*GitHub repository to accompany research paper in preparation by Alina Arseniev-Koehler and Jacob G. Foster, "Machine learning as a model for cultural learning: teaching an algorithm what it means to be fat." Published in Sociological Methods & Research and available at: https://journals.sagepub.com/doi/full/10.1177/00491241221122603
Please cite this repository or paper if reused. Code written in Python 3 in Windows and Gensim 3.*
This research examines how news reporting on body weight and health is loaded with meanings of gender, morality, health, and socio-economic status (SES). For example, is "overweight" more masculine or feminine? What about "slender," and "obese"? As described in our paper, qualtiative work suggests that obesity connotes immorality, unhealthiness, low SES, and is considered more problematic for women than for men.
Paper Abstract: Overweight individuals in the U.S. are disparaged as effeminate, immoral, and unhealthy. These negative conceptions are not intrinsic to obesity; rather, they are the tainted fruit of cultural learning. Scholars often cite media consumption as a key mechanism for learning cultural biases, but have not offered a formal theory of how this public culture becomes private culture. Here we provide a computational account of this learning mechanism, showing that cultural schemata can be learned from news reporting. We extract schemata about obesity from New York Times articles with Word2Vec, a neural language model inspired by human cognition. We identify several cultural schemata around obesity, linking it to femininity, immorality, poor health, and low socioeconomic class. Such schemata may be subtly but pervasively activated by our language; thus, language can chronically reproduce biases (e.g., about body weight and health). Our findings also reinforce ongoing concerns that machine learning can encode, and reproduce, harmful human biases.
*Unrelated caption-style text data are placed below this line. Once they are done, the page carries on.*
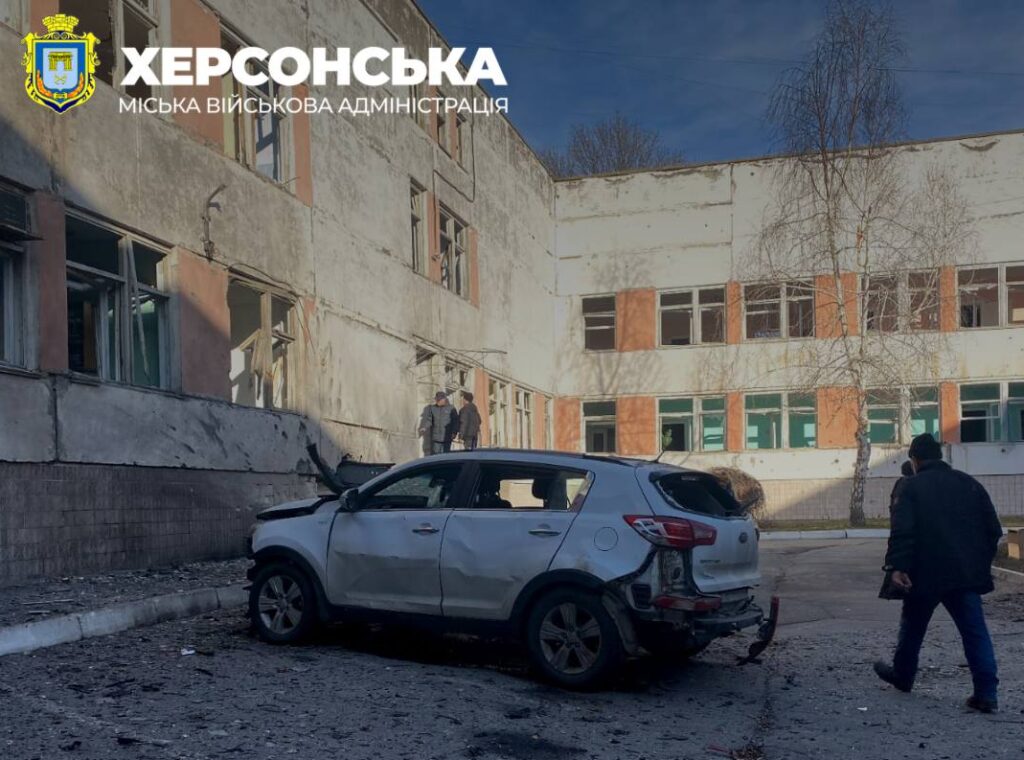 Росіяни атакували село на Херсонщині: влада показала наслідки ворожих обстрілів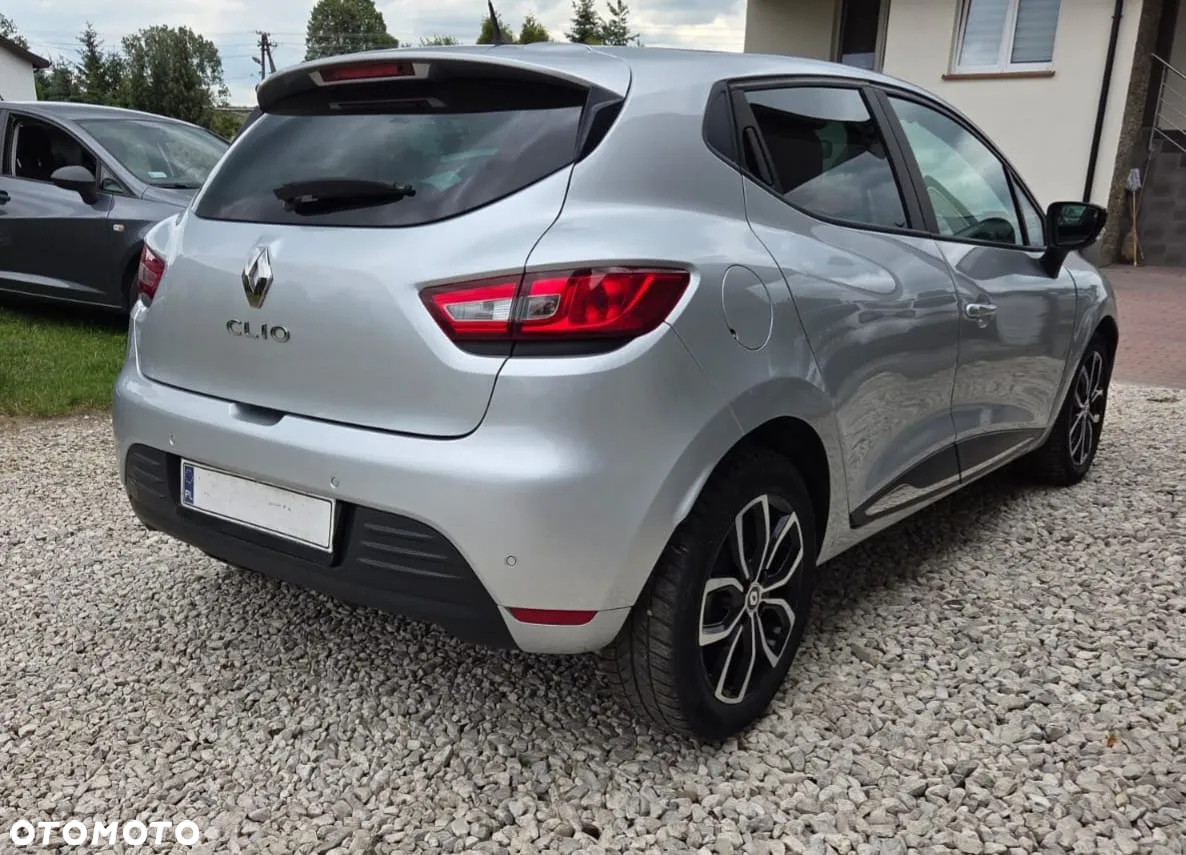 Renault Clio - 6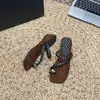 Sandálias de salto anabela com poá estilo francês para mulheres, novos sapatos de salto alto para o verão de 2026, sandálias slip-on com fivela de metal afuniladora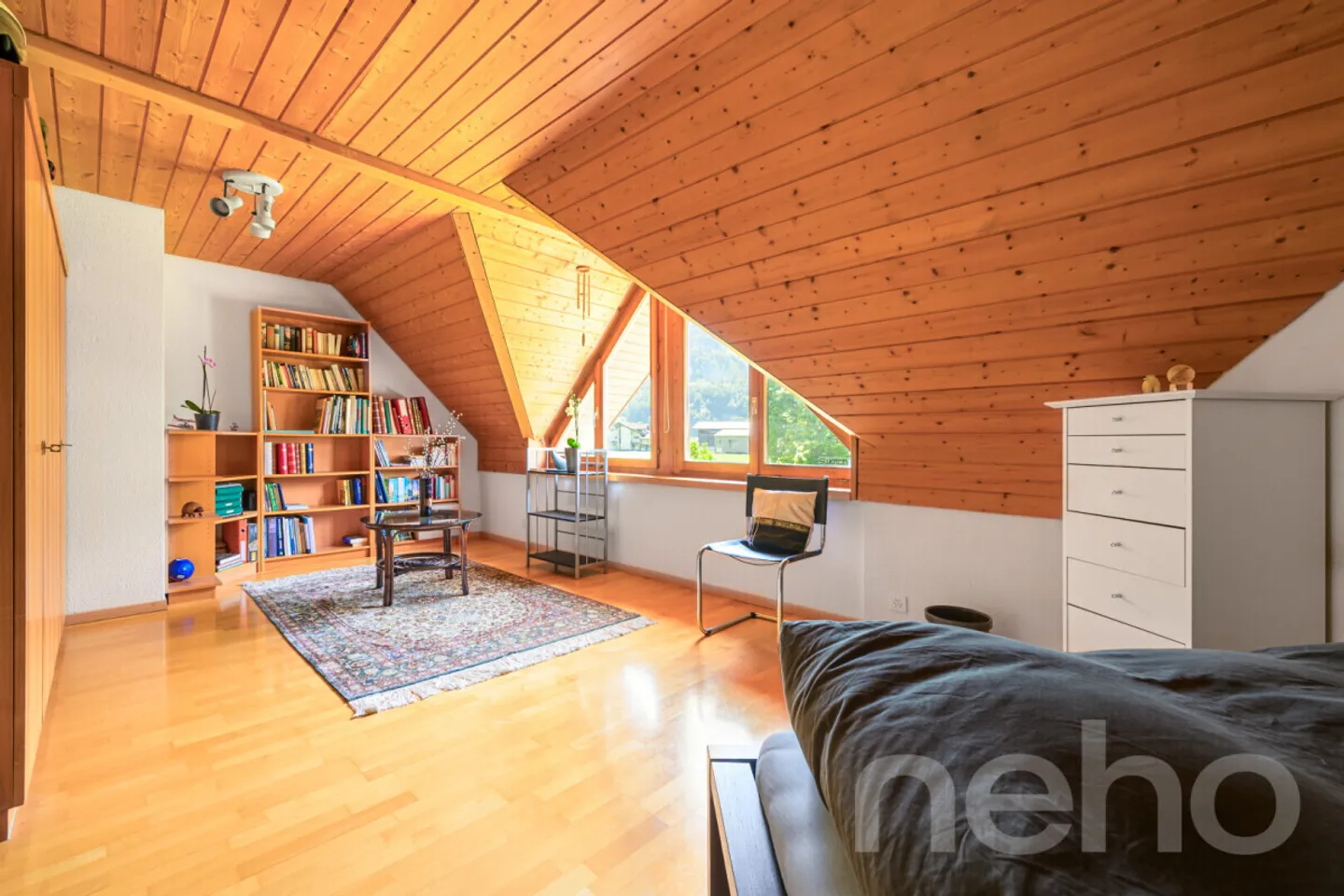 Maison individuelle spacieuse avec pratique intégrée - Photo 5 sur 13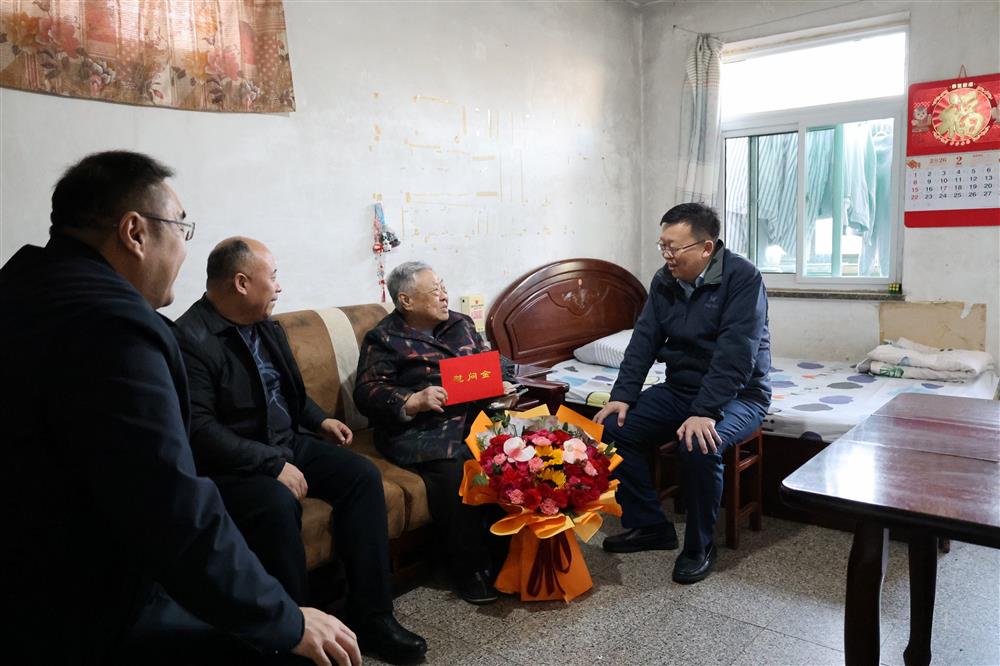 殷殷關懷 情暖新春！ 濟南產發(fā)集團走訪慰問離退休老干部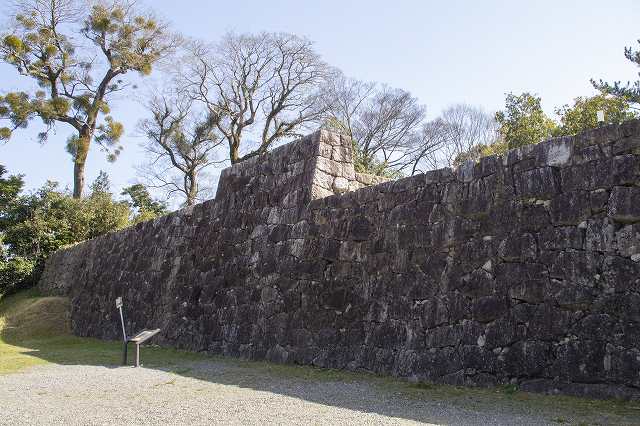 伊賀上野城 筒井古城の石垣群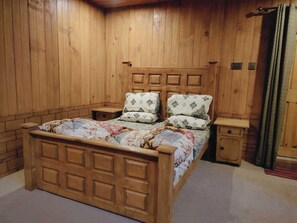 Deluxe Double Room | 1 bedroom, soundproofing, iron/ironing board, free WiFi
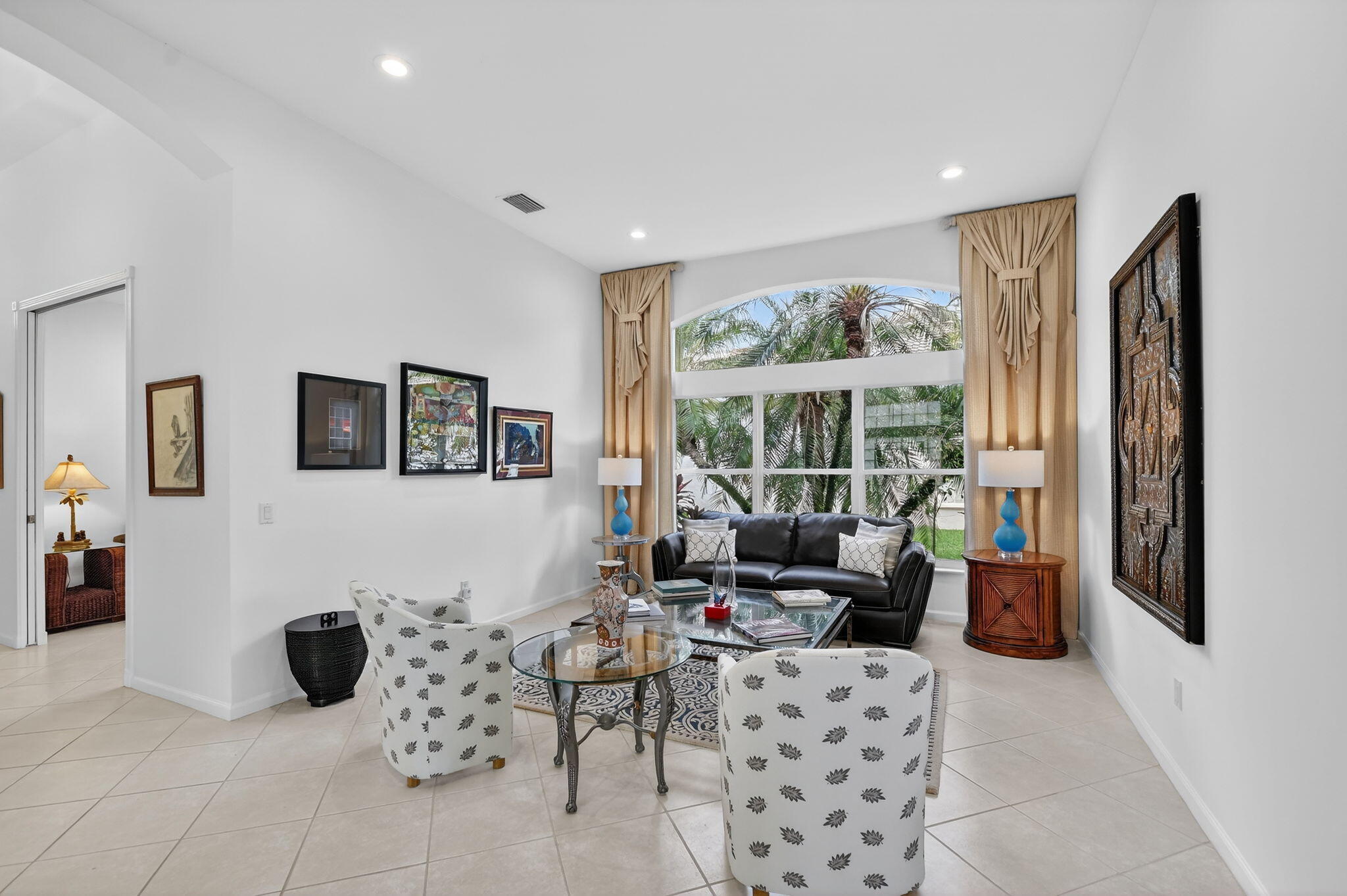 VALENCIA FALLS - Residential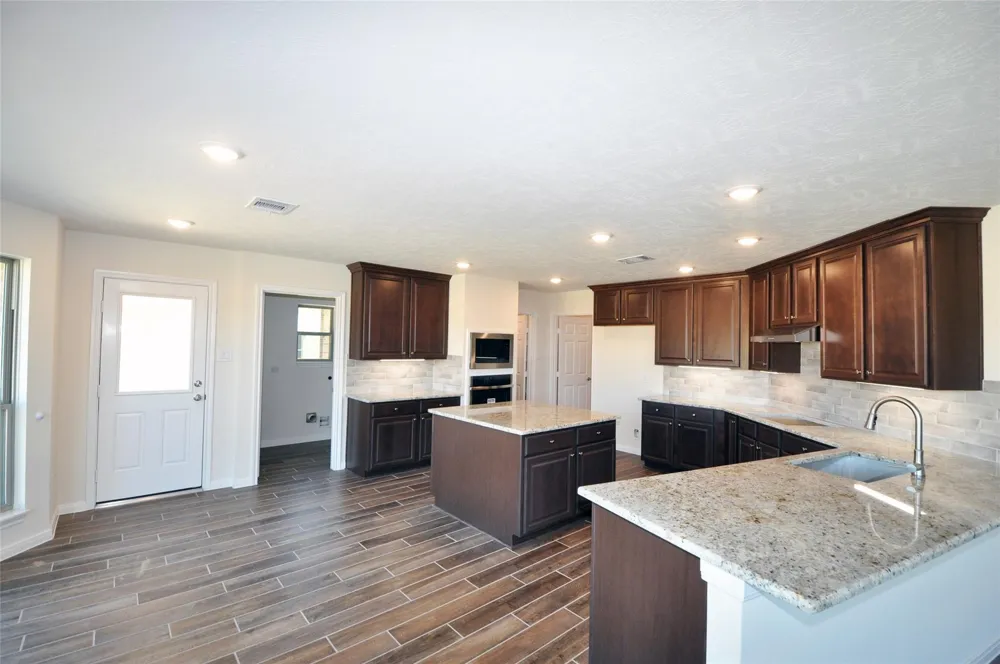 3805 Verde River Road League City, TX 77539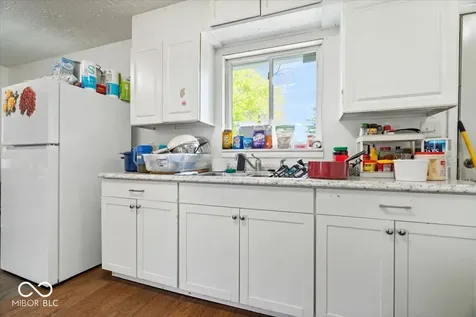 4137 Kenneth Avenue Indianapolis IN 46226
Code in this repository shows our methods to train Word2Vec models (Part A) and then classify words (Part B) with respect to each of these four cultural dimensions (gender, morality, health, and SES), and check robustness of results.
Files needed from this repo:
- Part_A_W2V_training_performance_exploring.ipynb
- testing.py
- questions_words_pasted.txt
- questions_words.txt
Files needed from OSF:
- modelA_ALLYEARS_500dim_10CW
Description: In Part A, we train a Word2Vec model of text data using Gensim in Python 3. Word2Vec takes words (or phrases) in a text data set and models these as n-dimensional numeric vectors. With enough data, these vectors are meaningful; for example, words taht are mroe similar in meaning (like man and boy) will have similar vectors. For a review of Word2Vec check out this blog post. While illustrate in this notebook how to train a Word2Vec model on public text data, and show how to use Gensim to work with pretrained Word2Vec models and evaluate their quality (such as our models and a publicly available model trained on GoogleNews).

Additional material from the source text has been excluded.